Seventh and eighth grade students now have the skills of addition, subtraction, multiplication, and division and know how to compute all these operations with money and decimals.  The next part of learning about money and financing is geared more toward the business aspect.

During these two grades, students will begin to learn about change from a purchase, discounts, commission, price markup, sales tax, shipping and handling, and interest rates.  Some of these topics will be fully taught and others will be introduced (see Consumer Math).

Up to this point, the learned skills of money have been discussed so students can be able to use in real life situations.  Teachers in the prior grades have taught and tested all the students skills regarding computing money and the students will learn now how this topic will relate to them in their own life.

When students begin in the middle school levels, the classes can be larger and the teachers do not follow every student to see if they handed their work in on time.  Teachers have close to 150 students a day where at the elementary level, they could have 20 – 50 students.  The new teenage students need to be responsible for themselves concerning their school work and if a concept is not understood, the teacher expects them to ask questions or get extra help.  With all the physically changes occurring, many students will not feel comfortable asking a teacher for help and this could be their downfall of not learning the next concepts regarding finances.

Students know how to purchase an item, give the correct amount of money to the cashier, and receive the correct amount of change.  What if the roles were reversed and the student is working as a cashier, could they make change and add the correct sales tax onto the purchaser’s item?  In seventh and eighth grade, teachers will spend time with real life concepts concerning finances.  During these grades, Algebra is being taught as well and where the majority of time is being spent.

The teacher will explain financial terms with real life problems by role playing using the students in the classroom.  For example, let’s say Toby is working at a clothing store in the mall and Jon walked in.  Toby greets Jon and asks him if he needs any help finding a certain item.  Jon says yes and Toby spends a half hour helping Jon buy a pair of jeans and two shirts.  The total bill came to $140.00 and since Toby was the sales person helping Jon, Toby will make a 10% commission from this sale.

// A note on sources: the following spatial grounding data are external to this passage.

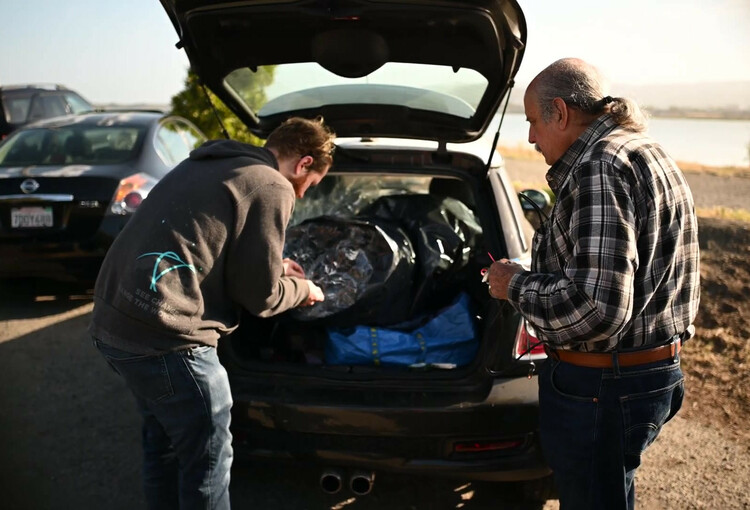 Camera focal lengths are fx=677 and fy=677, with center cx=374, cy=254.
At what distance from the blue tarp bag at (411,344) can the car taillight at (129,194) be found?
326 centimetres

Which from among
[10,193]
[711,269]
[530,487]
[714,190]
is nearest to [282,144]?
[530,487]

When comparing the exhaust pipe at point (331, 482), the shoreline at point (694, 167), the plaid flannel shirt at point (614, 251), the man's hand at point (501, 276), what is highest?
the plaid flannel shirt at point (614, 251)

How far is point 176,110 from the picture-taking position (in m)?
10.6

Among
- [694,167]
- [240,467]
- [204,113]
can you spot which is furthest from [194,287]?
[694,167]

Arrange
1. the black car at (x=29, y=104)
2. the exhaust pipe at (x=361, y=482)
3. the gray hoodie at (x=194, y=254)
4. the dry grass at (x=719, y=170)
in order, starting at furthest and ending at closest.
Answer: the dry grass at (x=719, y=170), the black car at (x=29, y=104), the exhaust pipe at (x=361, y=482), the gray hoodie at (x=194, y=254)

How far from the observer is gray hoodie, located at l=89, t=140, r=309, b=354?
2.22m

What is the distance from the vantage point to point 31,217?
18.6ft

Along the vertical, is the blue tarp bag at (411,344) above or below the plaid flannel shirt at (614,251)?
below

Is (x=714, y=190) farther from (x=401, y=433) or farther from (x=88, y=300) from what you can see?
(x=401, y=433)

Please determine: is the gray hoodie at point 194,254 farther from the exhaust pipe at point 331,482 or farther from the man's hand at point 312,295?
the exhaust pipe at point 331,482

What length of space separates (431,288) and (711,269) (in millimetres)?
3733

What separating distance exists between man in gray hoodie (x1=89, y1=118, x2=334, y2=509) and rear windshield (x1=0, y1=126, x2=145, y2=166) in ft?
13.8

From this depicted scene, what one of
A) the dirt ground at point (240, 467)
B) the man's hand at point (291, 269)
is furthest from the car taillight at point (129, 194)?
the man's hand at point (291, 269)

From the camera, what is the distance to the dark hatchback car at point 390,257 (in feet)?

After the teacher has the student’s role play this word problem, then she or he has the entire class at their individual seats try and solve the problem.  The class gets five minutes to work it out and then the teacher will go through the problem as a class.  Some teachers use visual aides to help students understand the concept.  The formula for the problem should be written clearly on the board and all the students should have it written down in their notebooks.  Next, the numbers from the word problem should be plugged into the formula, and then solved.

When the concept of commission, sales tax, discounts are being taught to be solved; the easiest way for students to learn these concepts are by practicing with the teacher.  All formulas should be taught, written in the students math notebook, with an explanation of when and how to use them.